TASK REQUIREMENTS. From the line below containing "日间照料中心职责要求 _第1页" to the final line, print each line exactly as written. No pictures belong in the copy.

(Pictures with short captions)

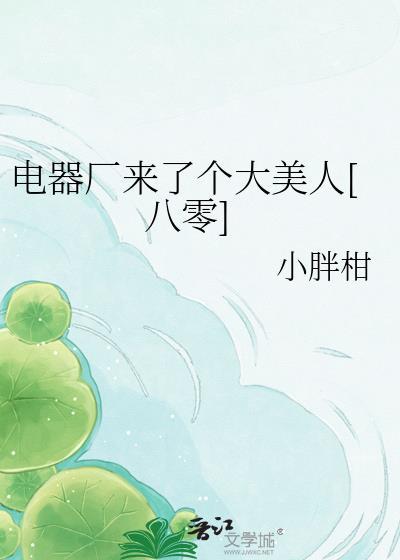 电器厂普工一般做什么活啊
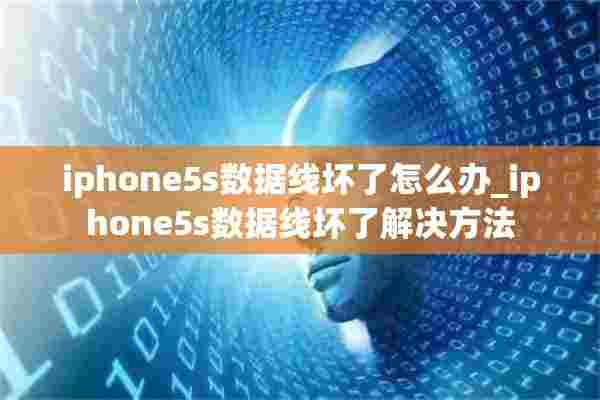 iphone5s数据线坏了怎么办_iphone5s数据线坏了解决方法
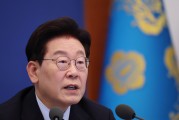 李, 취임 500일 ‘성적표’…거시 반등에도 부동산·증시·외교 난제 중첩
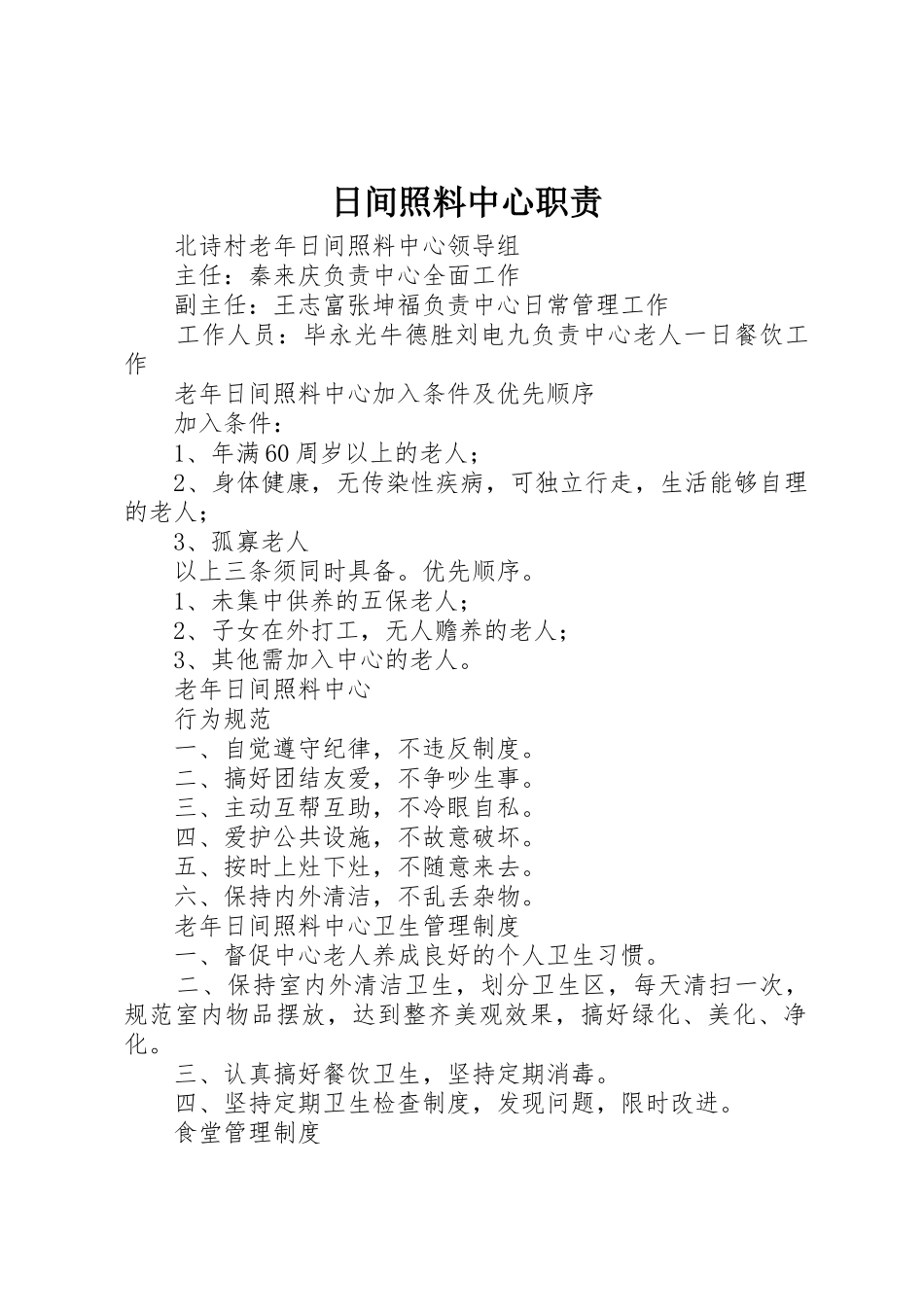 日间照料中心职责要求 _第1页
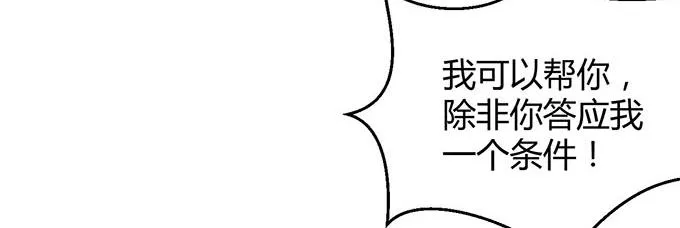 第五十二话 第83页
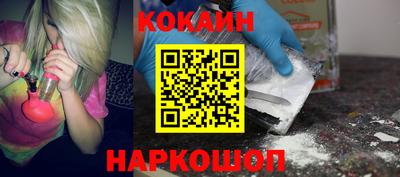 кокаин премиум Краснознаменск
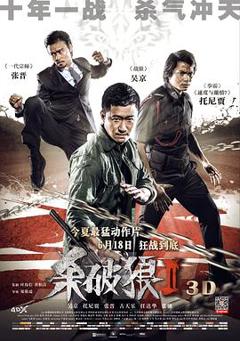 《杀破狼2[电影解说]》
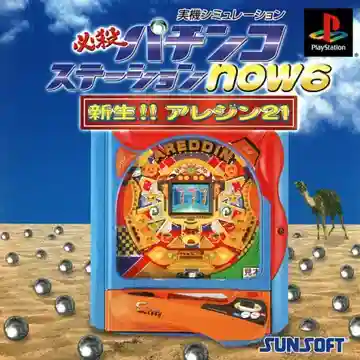 Hissatsu Pachinko Station Now 6 - Shinsei!! Areddin 21 (JP)-PlayStation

ANSWER SECTION.
 日间照料中心职责要求 _第1页
 第五十二话 第83页
 кокаин премиум Краснознаменск
 《杀破狼2[电影解说]》
 Hissatsu Pachinko Station Now 6 - Shinsei!! Areddin 21 (JP)-PlayStation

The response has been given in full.